*** Excerpted records ***

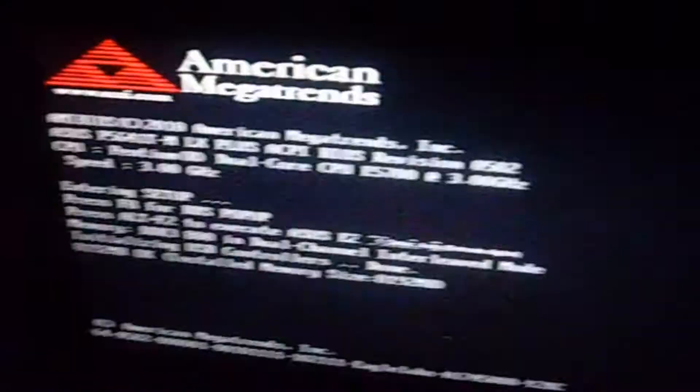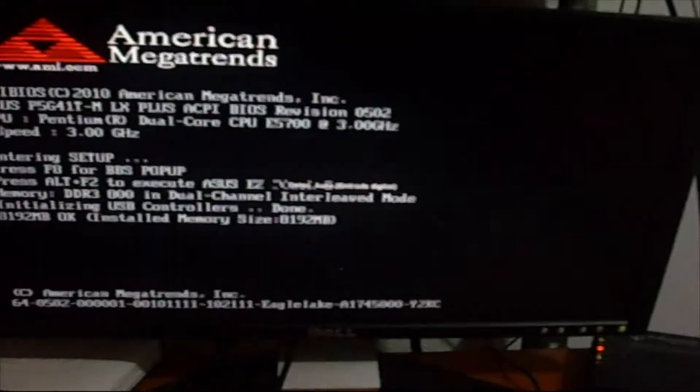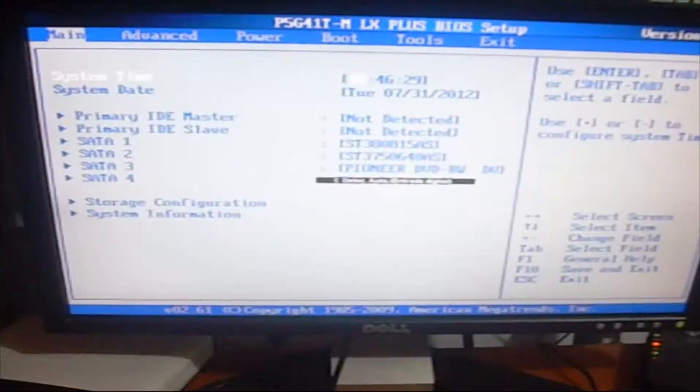Right now I'll show you my computer trying to start up with my new memory. I'm going to enter my BIOS and show you I have all eight gigabytes. You can see the installed size and the usable size.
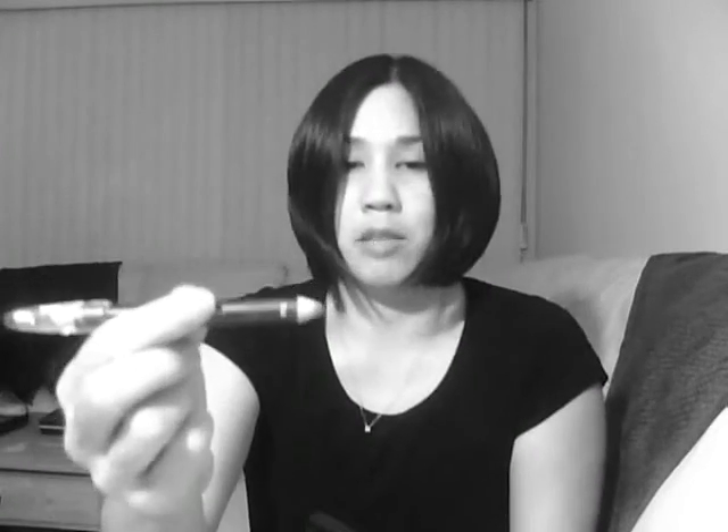I like using the brow kit when I'm not in a hurry, because e.l.f. also has a pencil that I thought was awesome — it's called their eyebrow lifter and filler. One side is the pencil that colors in and fills in your brows.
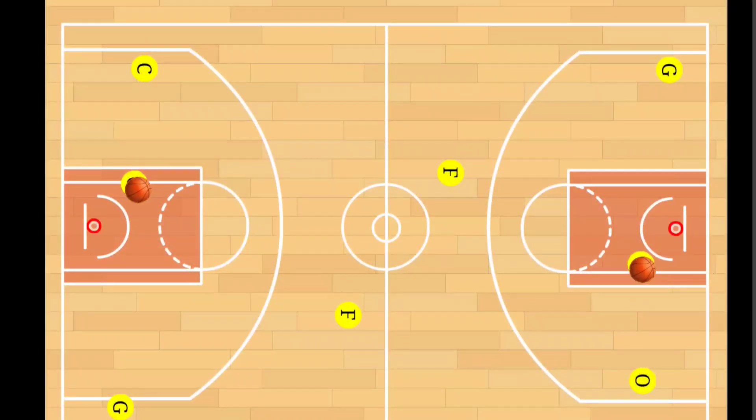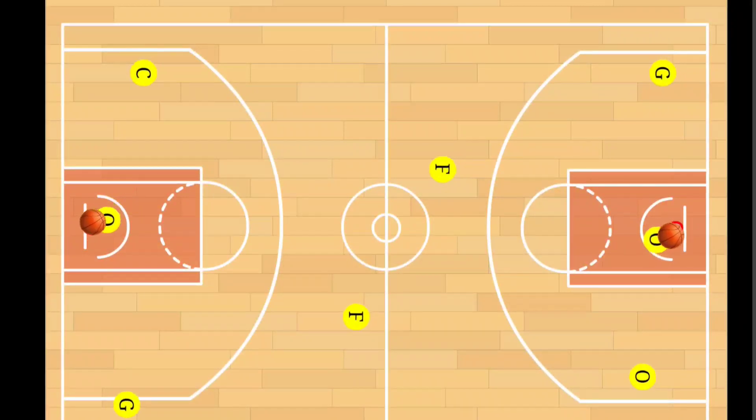In case you have more than eight players, as demonstrated here, you can always feed the line — just get those extra players and put them in behind any player.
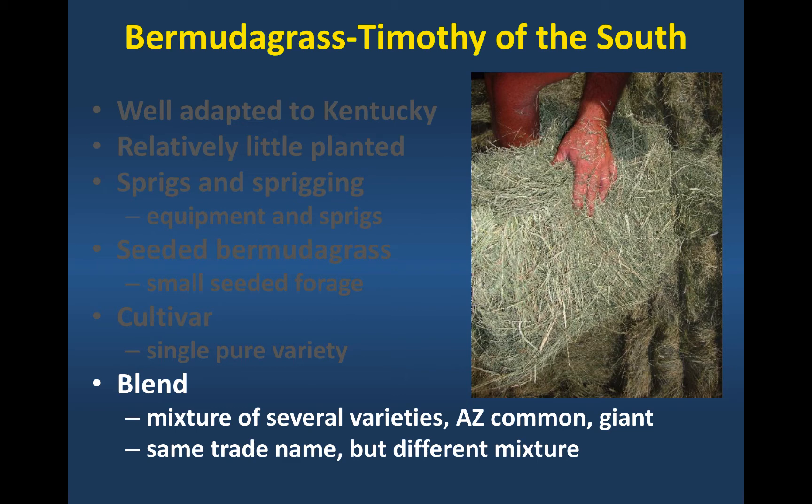The tricky part about blends is they give them a trade name — it could be a fancy name like Ranchero Frio — and it could be a blend of three cultivars this year, and then next year the same trade name has three completely different things in that bag. It seems like you shouldn't be able to do that, but they do. So it's really important when you buy a blended Bermudagrass to look at that seed tag, figure out what is in the bag, make sure there's no Giant and no Common in it, and make sure the varieties are well adapted to where you're trying to grow them. The seed tag tells the percentage of seed within that blend, and better blends tend to remain stable from year to year.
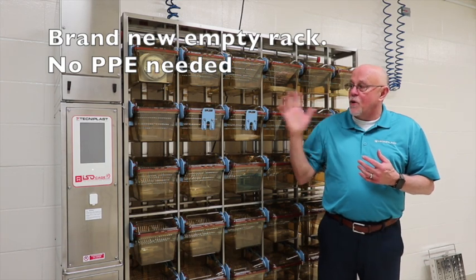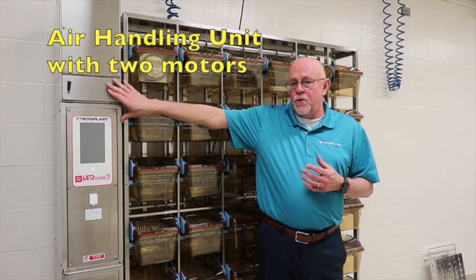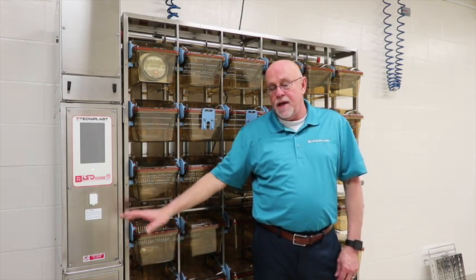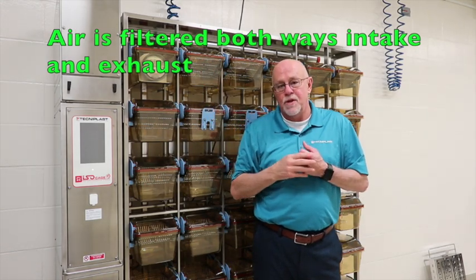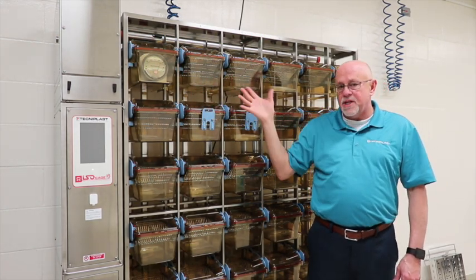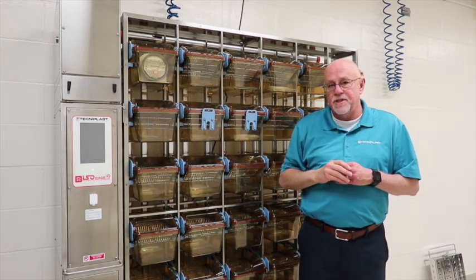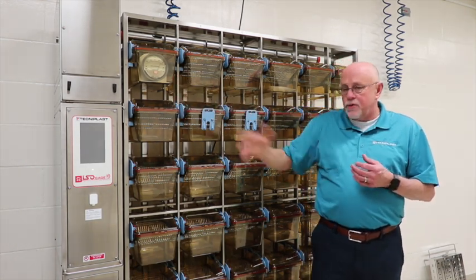The first part I want to discuss is the overview of the ISOCAD and how the system works. You have an air handling unit with two motors supplying both pre- and HEPA-filtered air out to the rack. Air returning to the air handling unit is both pre- and HEPA-filtered before it is exhausted into the room or into the house exhaust. This rack is an ISO 36, so there are 36 cages, but only 35 can be used because one cage always has our magnetic gauge showing the actual pressure inside the cage. We are running at 80 pascals of pressure to the 36 cages.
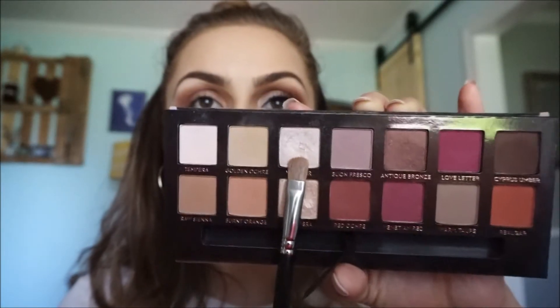Now I'm going to use my MAC flat brush and take this color right here and pack it on the lid. I like to go close to the lash line because it's super pigmented and shimmery, and I don't want it to get mixed in with my transition colors and my blending. So I like to pack it low and then work my way up.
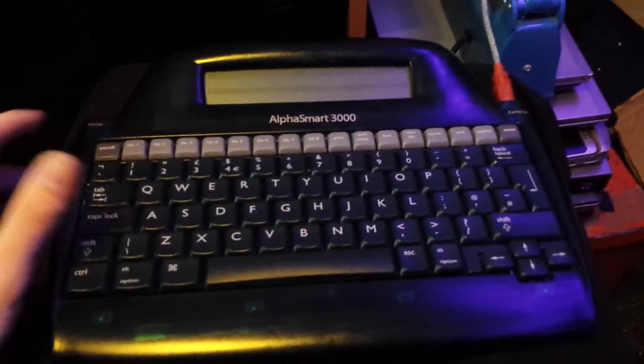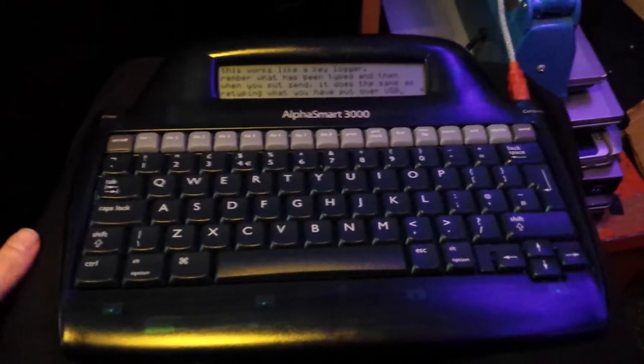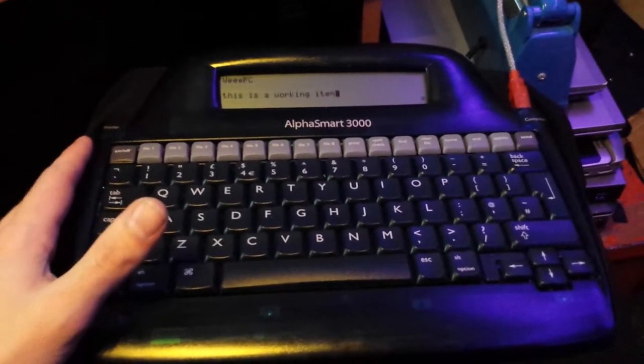This is the Alphasmart 3000, but they all pretty much do the same thing. It's reasonably fast to switch on — there it is, it's loaded the first document. You can swap between documents and save up to eight documents.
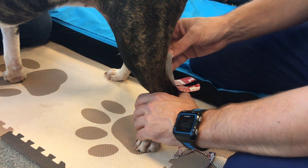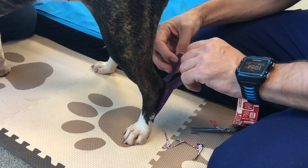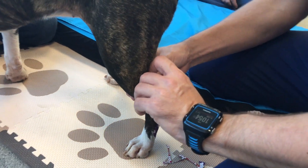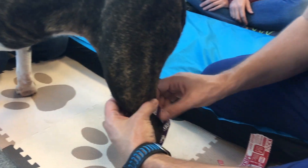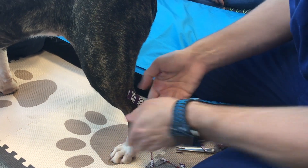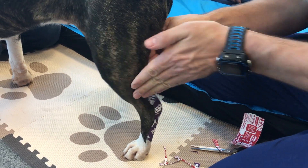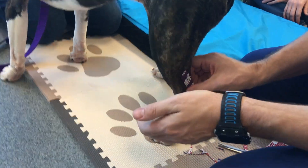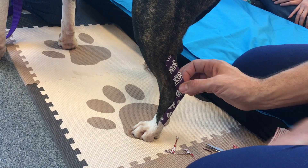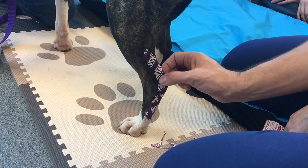And then what I can do is come up and around this. This is the taping I'll use a lot on Rottweilers that have old OCD lesions with tarsal arthritis. Rub the tape a little bit. Notice how I did bring it together — so really my insertion of the calcaneal tendon is uncomfortable and puffy, and I've got tape lifting there.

*** End of Excerpted records ***

* Exercise requirements: Each line of the data above needs to be retyped as it is, without any picture.

* Answer to this exercise:
Right now I'll show you my computer trying to start up with my new memory. I'm going to enter my BIOS and show you I have all eight gigabytes. You can see the installed size and the usable size.
I like using the brow kit when I'm not in a hurry, because e.l.f. also has a pencil that I thought was awesome — it's called their eyebrow lifter and filler. One side is the pencil that colors in and fills in your brows.
In case you have more than eight players, as demonstrated here, you can always feed the line — just get those extra players and put them in behind any player.
The tricky part about blends is they give them a trade name — it could be a fancy name like Ranchero Frio — and it could be a blend of three cultivars this year, and then next year the same trade name has three completely different things in that bag. It seems like you shouldn't be able to do that, but they do. So it's really important when you buy a blended Bermudagrass to look at that seed tag, figure out what is in the bag, make sure there's no Giant and no Common in it, and make sure the varieties are well adapted to where you're trying to grow them. The seed tag tells the percentage of seed within that blend, and better blends tend to remain stable from year to year.
The first part I want to discuss is the overview of the ISOCAD and how the system works. You have an air handling unit with two motors supplying both pre- and HEPA-filtered air out to the rack. Air returning to the air handling unit is both pre- and HEPA-filtered before it is exhausted into the room or into the house exhaust. This rack is an ISO 36, so there are 36 cages, but only 35 can be used because one cage always has our magnetic gauge showing the actual pressure inside the cage. We are running at 80 pascals of pressure to the 36 cages.
Now I'm going to use my MAC flat brush and take this color right here and pack it on the lid. I like to go close to the lash line because it's super pigmented and shimmery, and I don't want it to get mixed in with my transition colors and my blending. So I like to pack it low and then work my way up.
This is the Alphasmart 3000, but they all pretty much do the same thing. It's reasonably fast to switch on — there it is, it's loaded the first document. You can swap between documents and save up to eight documents.
And then what I can do is come up and around this. This is the taping I'll use a lot on Rottweilers that have old OCD lesions with tarsal arthritis. Rub the tape a little bit. Notice how I did bring it together — so really my insertion of the calcaneal tendon is uncomfortable and puffy, and I've got tape lifting there.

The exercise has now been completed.